Gail Amanda Nicholson Dodds - MD
Great. And just going back into the Monarch, the A/B pair. What is -- I mean, what are really good oil schemes that are both on those zones? Was that surprising to you that, the outperformance? And do you think that's indicative of doing them together as a pair? Or what do you think is driving that?
Gary A. Newberry - Senior VP & COO
No, it wasn't surprising at all. We expect that, actually. We knew that inventory was there. We've known it for some time. We've worked hand-in-hand with other operators, RSP specifically now. Their assets are loaded into (inaudible). They did a lot of work around proving up the A/B. We knew it was there. We now prove it ourselves, as with the work that we did. So we always just had the Lower Spraberry just little bit better and that's why we're focused on it to this point. And we always looked that as an opportunity we can come back to. But now that we're in mega-pad development, we've got the infrastructure in place. That's something that's very compelling to us, as we think about our long-term development plans going forward.
Operator
Our next question comes from Kevin MacCurdy with Heikkinen Energy Advisors.
Kevin Moreland MacCurdy - Partner and Exploration and Production Research Analyst
Just one question for me. Can you remind us how many gross on that locations you have in Spur after the acquisition? And does that number include the Wolfcamp C?
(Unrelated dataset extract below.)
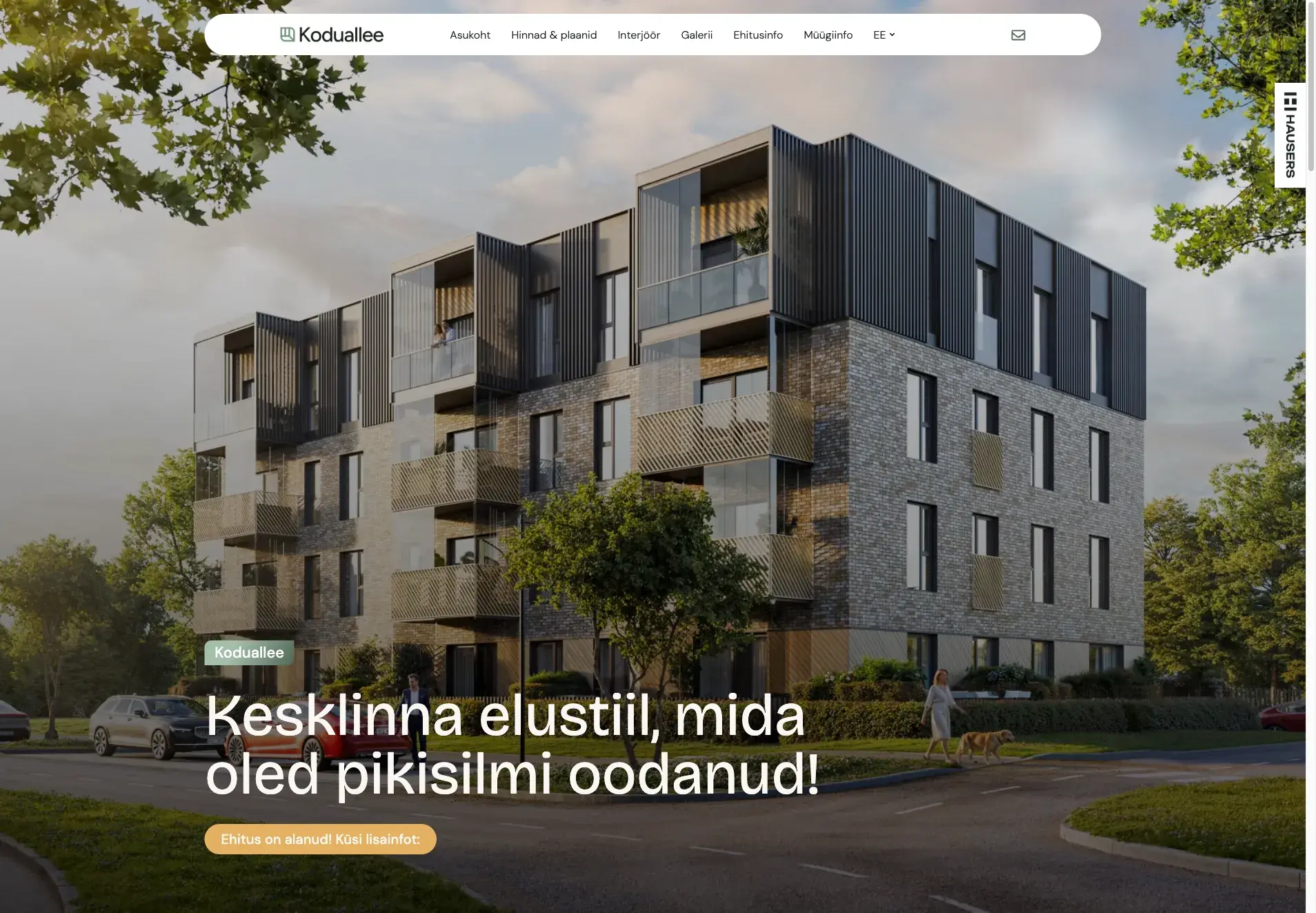 The Koduallee development website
Joseph C. Gatto - President, CEO & Director
See I don't know if -- I'll try to pull that out, but the number that we carry in our delineated inventory does not include the C just yet. And while we came out with, I think, roughly 169 net locations with the acquisition and the A and the B with the acquisition, but what its -- we're pulling up a chart, Gary, if you have in front of you. We haven't broken out that way. Kevin, remind me to get back to you on that. I'm not sure if we have that in front of us.
Joseph C. Gatto - President, CEO & Director
Yes, without the integration, I couldn't tell you the number. Yes
Kevin Moreland MacCurdy - Partner and Exploration and Production Research Analyst
Would you then try to guess how many -- okay, that's fine. Would you venture to guess how many Wolfcamp C locations you could potentially have on that acreage?
Joseph C. Gatto - President, CEO & Director
Yes. I would say there's going be close to -- it's not -- it wouldn't surprise me if it's close to 80 to 100. You asked me to guess, I can give you a guess.
Operator
And this concludes our question-and-answer session. I'd like to turn the conference back over to Joe Gatto for any closing remarks.
Joseph C. Gatto - President, CEO & Director
Thank you, And thanks, everyone, for joining us to talk about second quarter, one that we're certainly very pleased with. It's all production growth and building a lot of momentum into the back of the year. Certainly, we're looking forward to integrating the pending acquisition, and we look forward to giving you an update in the coming weeks on that. Thanks, again.
Operator
The conference has now concluded. A replay of this event will be available for one year on the company's website. Thank you for attending today's presentation. You may now disconnect.